◆ **TASK INSTRUCTIONS**: I'd like an exact copy of only the lines from the start of the listing below through the line that holds "Belligerent Sliver (Extended". Please keep the pictures out.

EXERCISE DATA below:

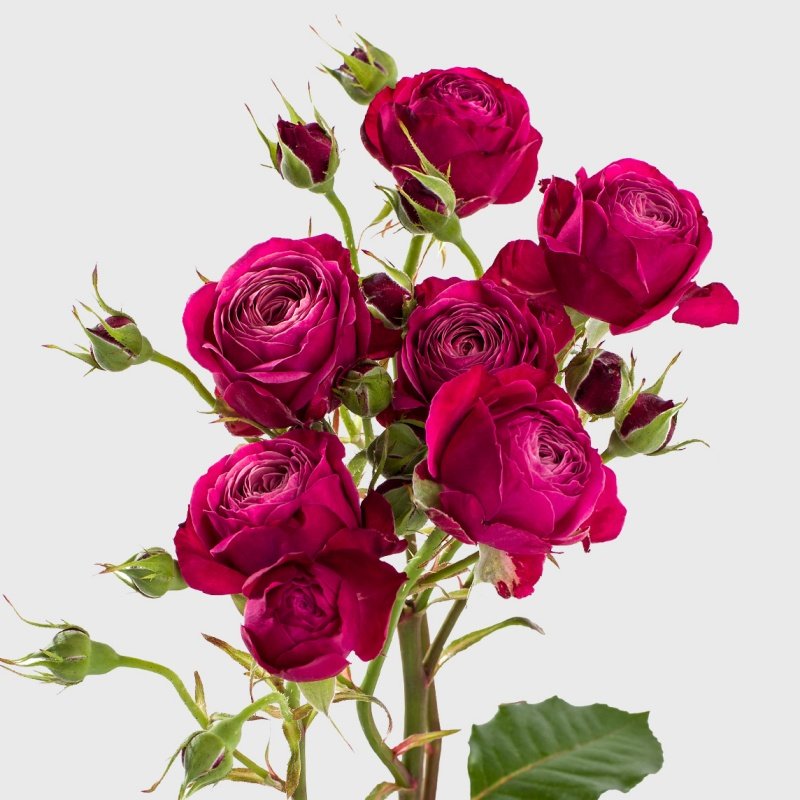 Party Trendsetter Rose Plant｜潮流派对 image 2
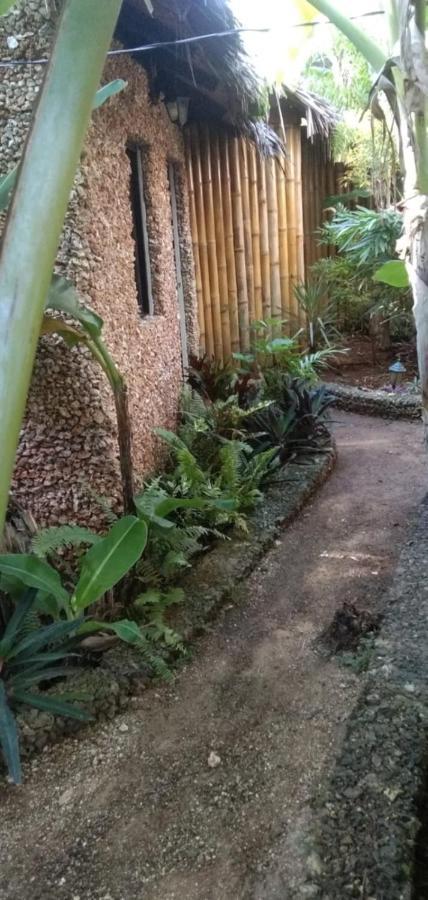 Jungle Of Peace Resort Сикихор Экстерьер фото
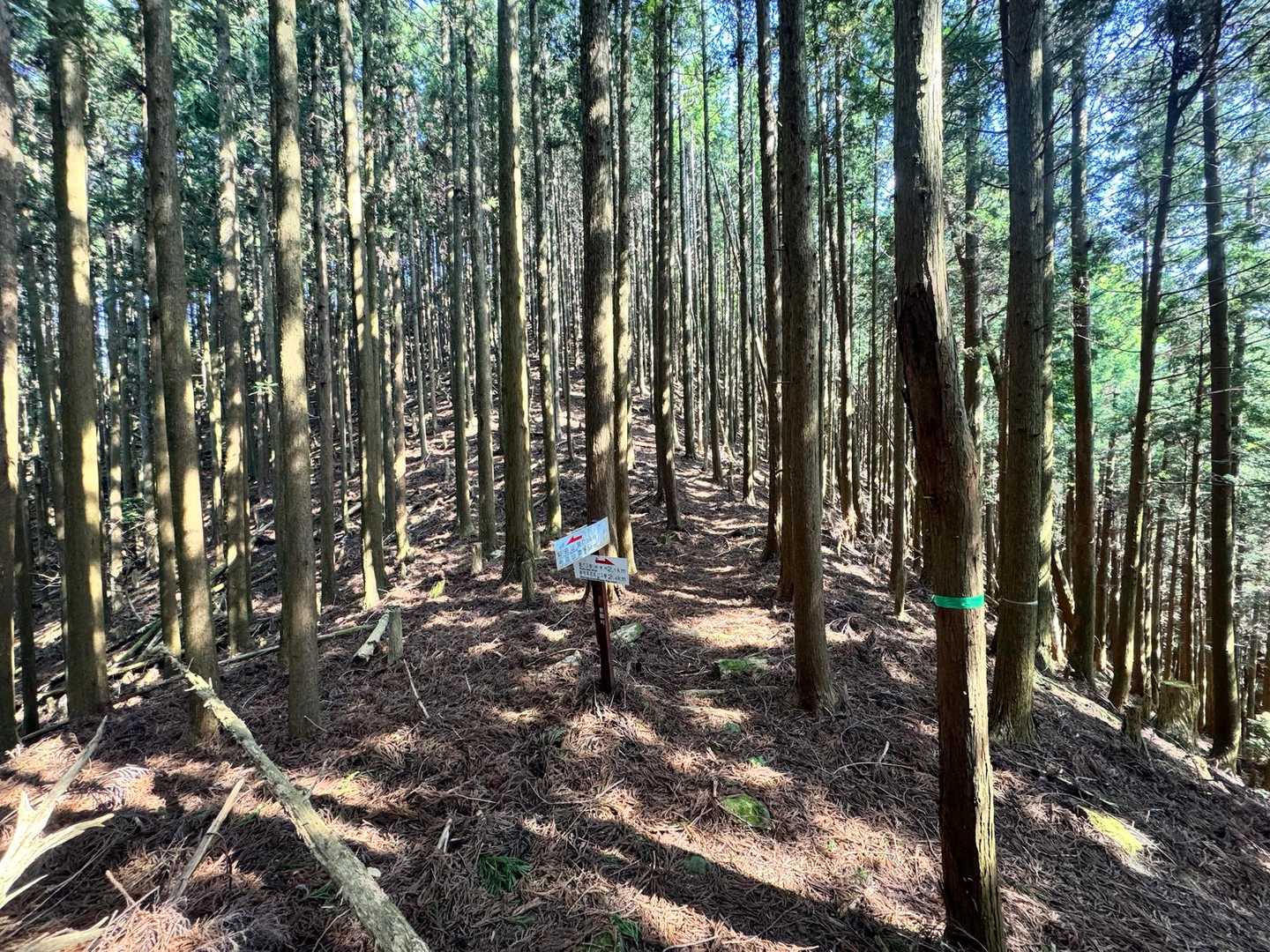 まだ時間も早いので、清水山にも向かって見ました🎶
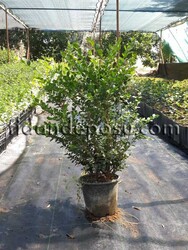 BUXUS SEMPERVIRENS 'ROTUNDIFOLIA (Şimşir) BİTKİSİ - 1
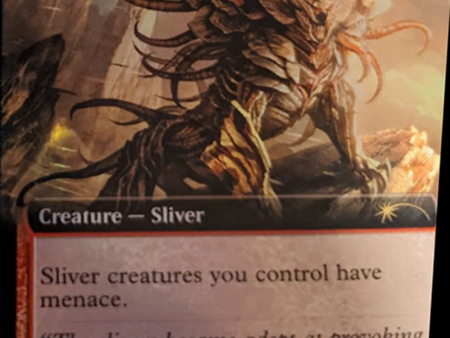 Belligerent Sliver (Extended Art) [Secret Lair Drop Series] Sale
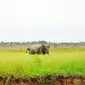 Gajah Sumatera sedang mencari makan di Sebokor, Ogan Komering Ilir, Sumatra Selatan, (25/3). Selain masuk daftar merah spesies yang terancam punah, Gajah Sumatra juga masuk dalam satwa dilindungi menurut UU No 5 Tahun 1990. (Liputan6.com/Gempur M Surya)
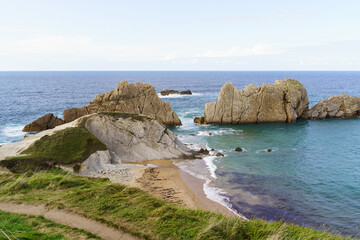 Beautiful landscape of the sea and rocks behind flowers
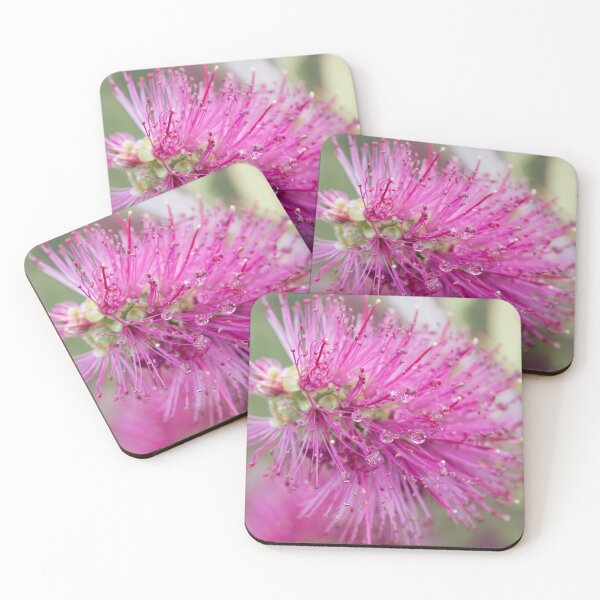 Item preview, Callistemon with Dewdrops designed and sold by Linda Lees.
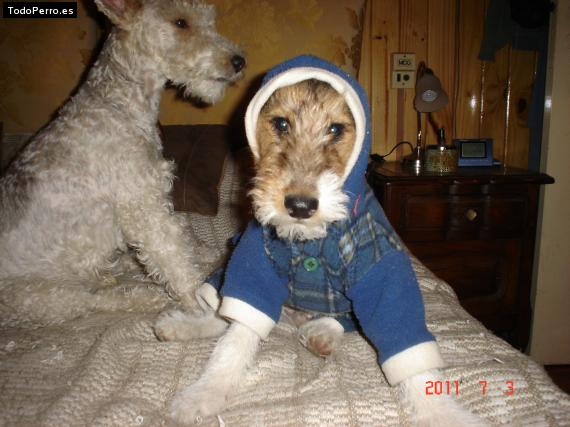 La foto del perro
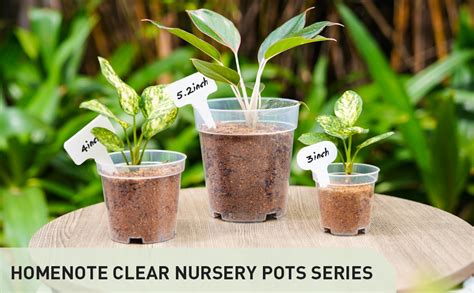 Homenote Clear Nursery Pots 60 Packs 3 Inches Seedling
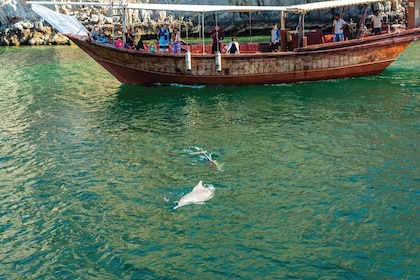 Croisière d'observation de dauphins à Mascate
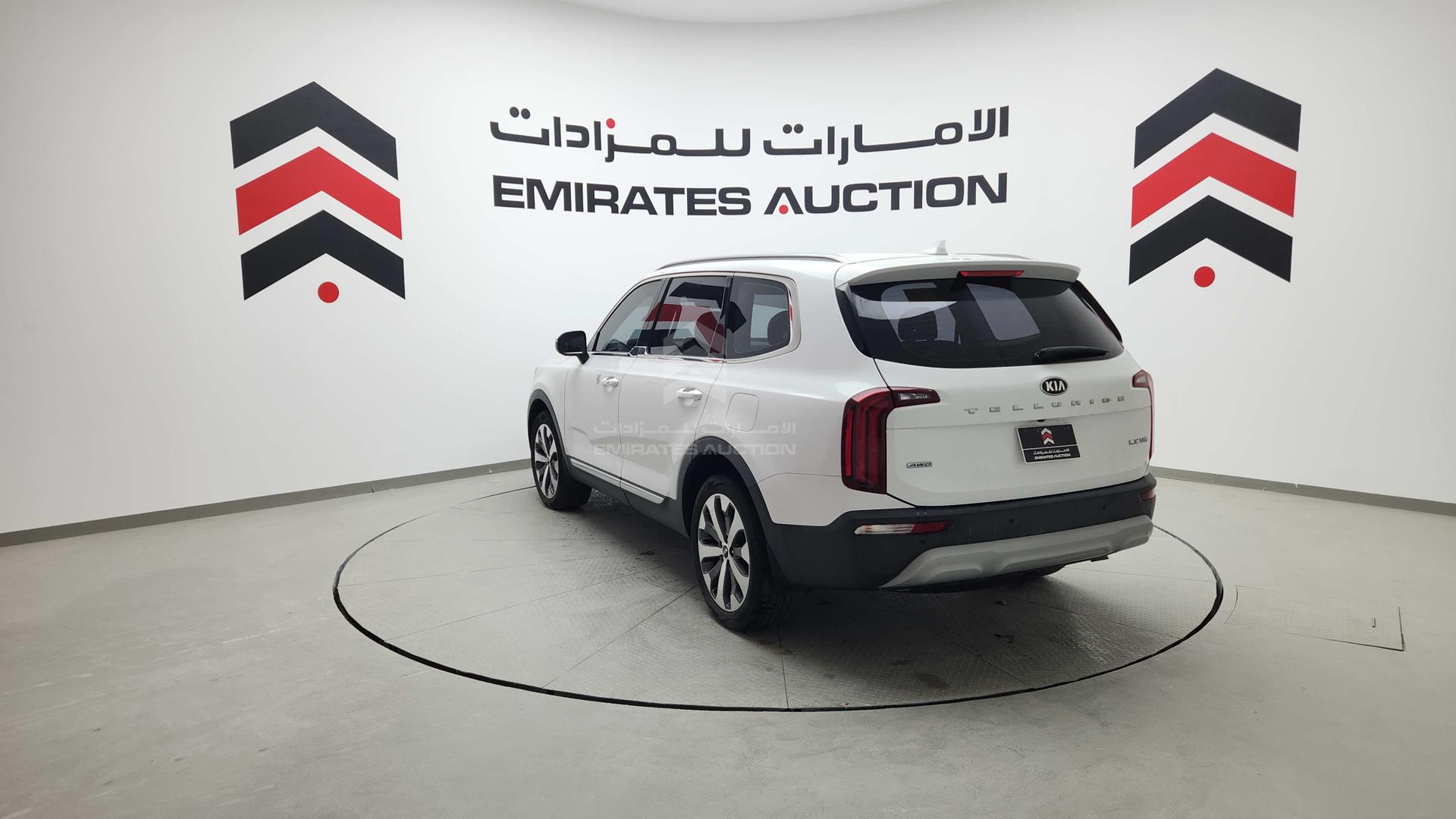 2020 KIA TELLURIDE VIN: 5XXP281CXLG081463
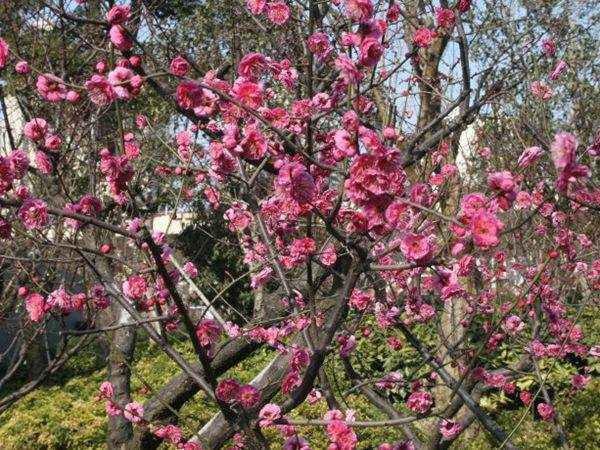 高端、大氣、上檔次的紅梅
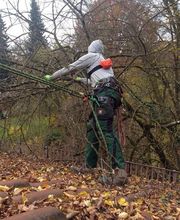 Verde Gartenbau Meisterbetrieb Bild 6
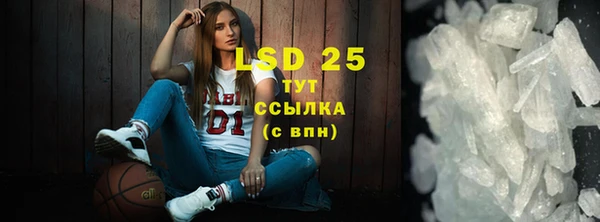 прущие грибы Козловка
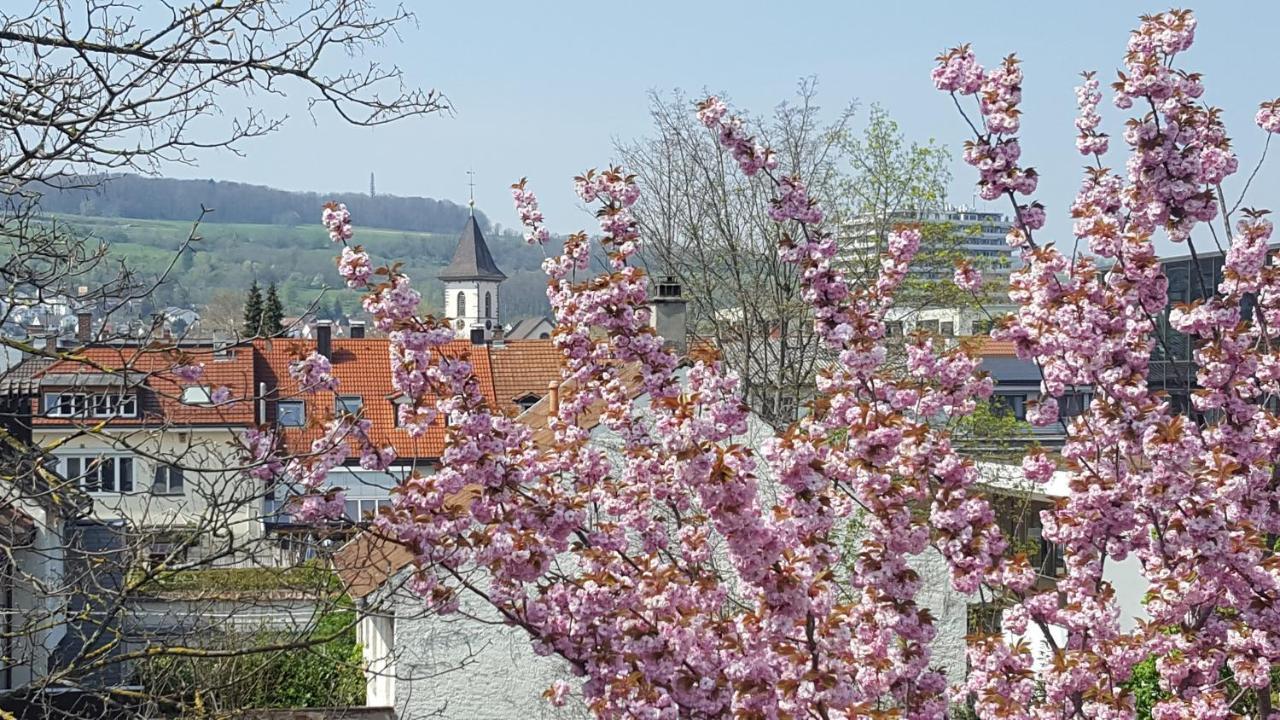 Villa Am Rosenfelspark Lörrach Εξωτερικό φωτογραφία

End of EXERCISE DATA.

◆ **RESPONSE TO THE TASK**:
 Party Trendsetter Rose Plant｜潮流派对 image 2
 Jungle Of Peace Resort Сикихор Экстерьер фото
 まだ時間も早いので、清水山にも向かって見ました🎶
 BUXUS SEMPERVIRENS 'ROTUNDIFOLIA (Şimşir) BİTKİSİ - 1
 Belligerent Sliver (Extended Art) [Secret Lair Drop Series] Sale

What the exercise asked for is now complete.